Modeontwerper Timothy Scholte is in 2018 afgestudeerd met een bachelor in Textile and Fashion Design aan de Koninklijke Academie van Beeldende Kunsten. De modeontwerper heeft een sterke interesse in hoe de maatschappij kijkt naar seks. In het ontwikkelplan omschrijft Scholte de ambitie om op kritische wijze te onderzoeken hoe onderwerpen als seks, het lichaam, onrealistische schoonheidsidealen, de effecten van digitale filters en pornografie door de maatschappij worden ervaren. Gedurende het ontwikkeljaar werkt de ontwerper aan een onderzoek en maakt hij een collectie van acht outfits en drie draagbare sculpturen. Voor het onderzoek bezoekt Scholte het fetisj festival Folsom Fair in Berlijn en duikt hij onder begeleiding van Amber Vineyard in de Ballroomscene om een beter begrip te krijgen van de geseksualiseerde categorieën. Voorts gaat Scholte zich professionaliseren in leerbewerkingstechnieken, volgt hij cursussen in 3D-printen en zoekt hij samenwerkingen op met grime artiesten. Scholte beoogt het onderzoek te publiceren in een boek en de stukken te presenteren tijdens de Dutch Design Week 2023, FASHIONCLASH en tijdens het vijfde Utopia Ball in de Kunsthal.
Tymon Hogenelst

Tymon Hogenelst

Tymon Hogenelst maakt deel uit van Studio Wild, een ontwerppraktijk die zich veelal bezighoudt met architectuur- en landschapsprojecten in het Italiaanse platteland. Zijn interesse ligt in hoe site-specific narratieven, volgens een niet-nostalgische en kritische houding, het architectonische landschap kunnen verrijken. Met zijn plan 'Situated Architecture' wil Hogenelst zich verdiepen in de materiele cultuur van Ligurië en dit vertalen naar een architectonische interventie. De onderzoeksvragen uit zijn afstudeerproject 'The Situated House' aan de TU Delft worden voortgezet om het onderwerp tacit knowlegde beter te begrijpen. Deze kennis wordt vervolgens via het project 'The Gate' in de praktijk gebracht. Ondersteunend hieraan is Hogenelst van plan een aantal cursussen te volgen, waaronder: een taalcursus Italiaans, een schrijfcursus en cursussen in bronsgieten, lassen, en houtskool maken. Ook is hij van plan de Beroepservaringsperiode (BEP) te doorlopen, met Enzo Valerio als mentor, om zijn architectentitel te behalen. Het beoogde ontwikkeljaar zal resulteren in een presentatie van architectonische modellen, tekeningen, foto's, en een kleine publicatie.

Adam Centko

Al tijdens zijn studie Interactive/Media/Design (IMD) aan de Koninklijke Academie van Beeldende Kunsten organiseerde Adam Centko een jaarlijks guerrillafilmfestival in de duinen van Den Haag: Sand Nudes. De gevestigde filmfestivals nemen zichzelf in zijn ogen een tikje te serieus, met een selectiebeleid waarbij je al met een bekende producer moet werken om binnen te komen en het onderwerp niet te luchtig mag zijn. Zijn bad cinema appreciation society pakt dat heel anders aan: iedereen mag meedoen, en de fun factor staat hoog in het vaandel – hoe kun je mensen anders motiveren om aan cinema te beginnen?

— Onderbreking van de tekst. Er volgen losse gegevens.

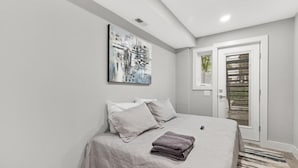 Un dormitorio moderno con una cama grande, un cuadro y un ventanal corredera que da a un balcón.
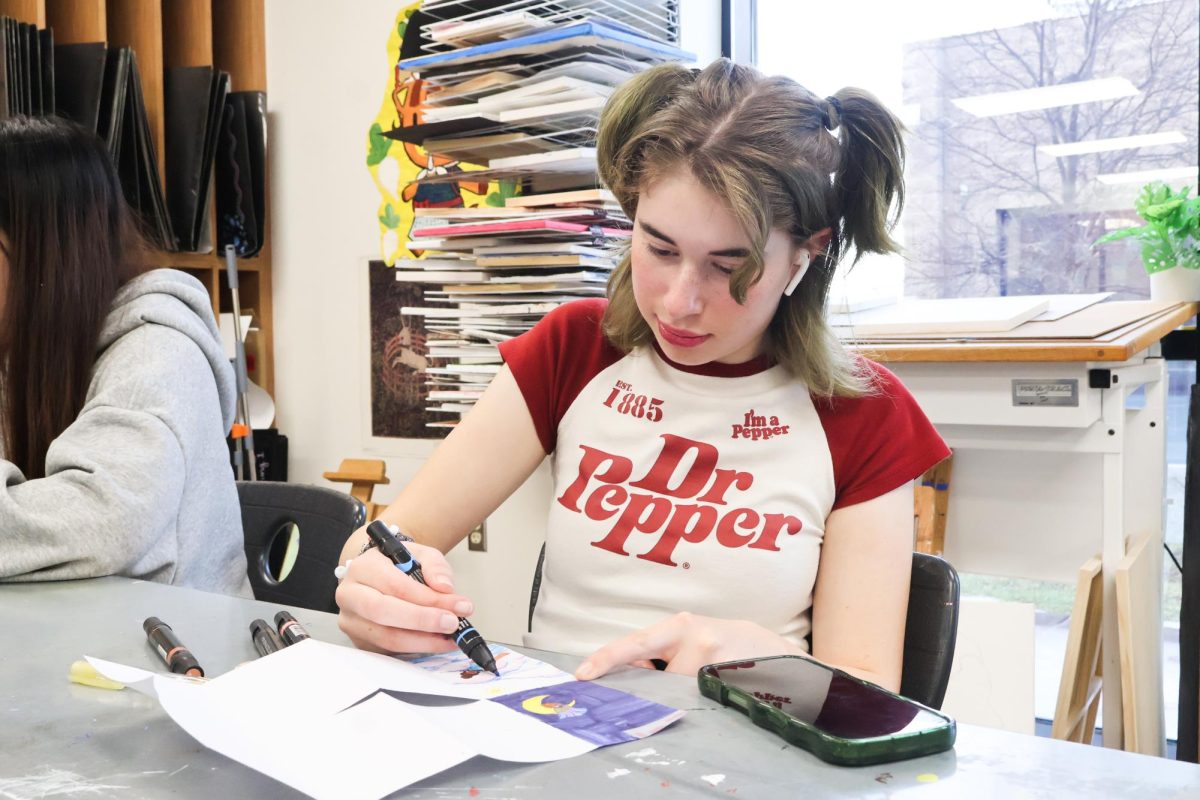 Holding a blue alcohol marker, Lila Paddock '29 draws her zine design, including elements of nature. In commemoration of Martin Luther King Jr. Day, Paddock based the purpose of her design on equality and sharing experiences, specifically through nature.
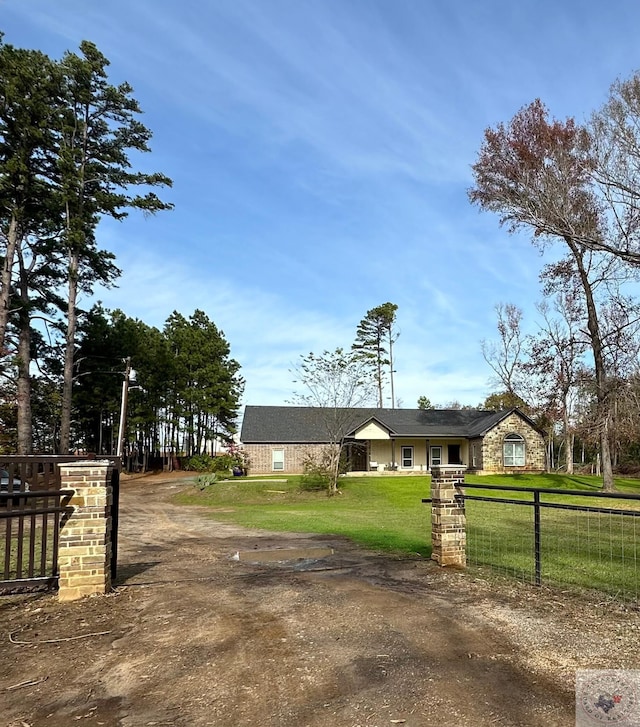 view of front of home with a front lawn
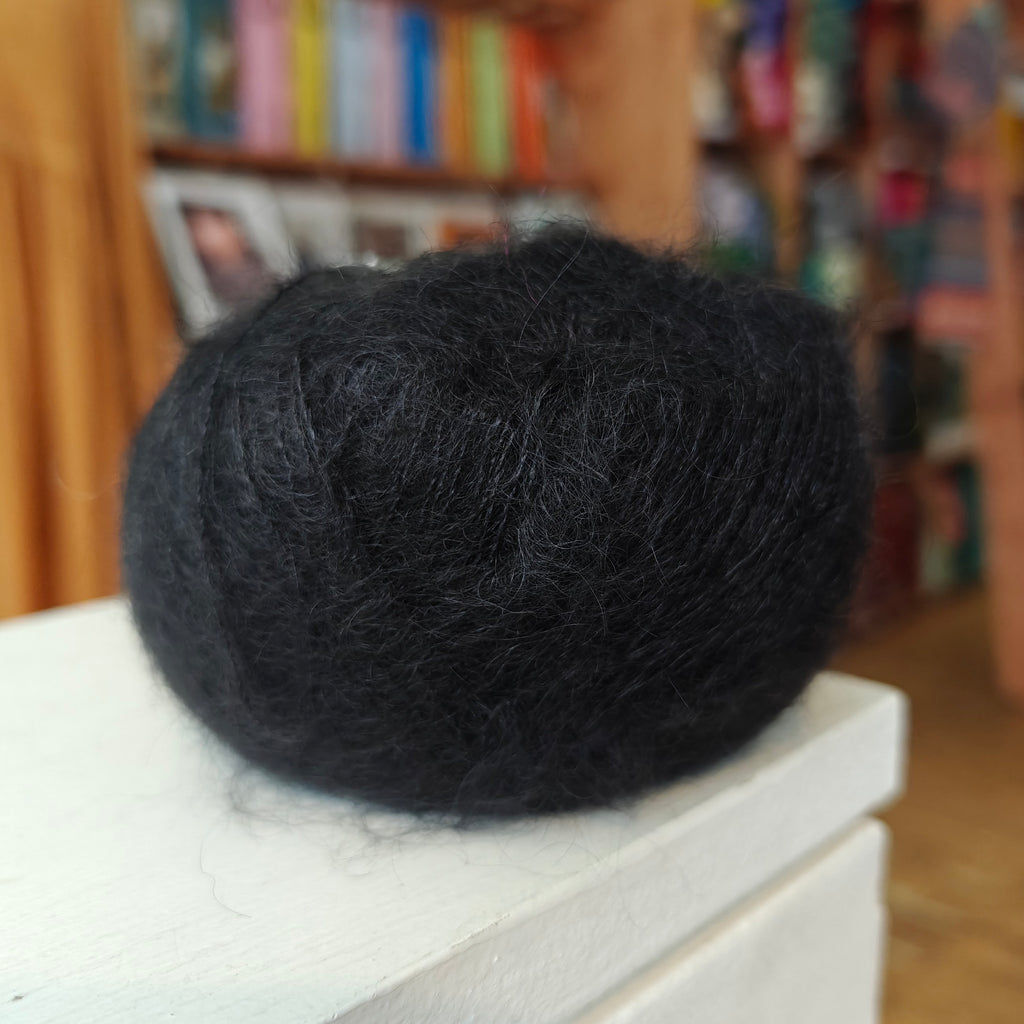Black yarn ball on a white surface with a blurred bookshelf background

Het initiatief komt voort uit Centko's fascinatie voor bewegend beeld en alle parallelle realiteiten die je daarmee kunt creëren. De installatie waarmee hij afstudeerde, Silicon Sights, verkent de grensovergang tussen fysieke landschappen en hun digitale replica's, en hoe mensen zich in beide werelden bewegen. Dit project liet al zien hoe de digitale wereld afhankelijk is van de energiebronnen en technieken die wij eraan toewijzen. Geboeid door de infrastructuur achter het scherm, besloot Centko zijn onderzoek te verdiepen. Hij werkt aan de documentaire Invisible Infrastructures: 'We hebben het altijd over “the cloud”, wat heel romantisch klinkt. Maar in feite is dat een mooi woord voor gigantische datacenters.'

Hij ging achter de feiten aan: 'Hoeveel elektriciteit is er nodig voor een Instagram-post? En waar komt die elektriciteit vandaan?' In antwoord op die laatste vraag bezocht hij een kolenmijn in Duitsland. Hij dook in de silicium kristallen waar microchips van zijn gemaakt. Maar besloot gaandeweg ook de zachte waarden erbij te betrekken. 'Die kristallen zijn niet alleen cruciaal om de digitale techniek te laten werken, maar hebben kennelijk ook helende eigenschappen voor de mens.' In het verlengde daarvan liet Centko de techniek bijna helemaal los op een off-grid reis door het oerwoud van Maleisië. Bijna, want hij nam wel een camera mee om de droomwereld vast te leggen die hij in het echt om zich heen zag.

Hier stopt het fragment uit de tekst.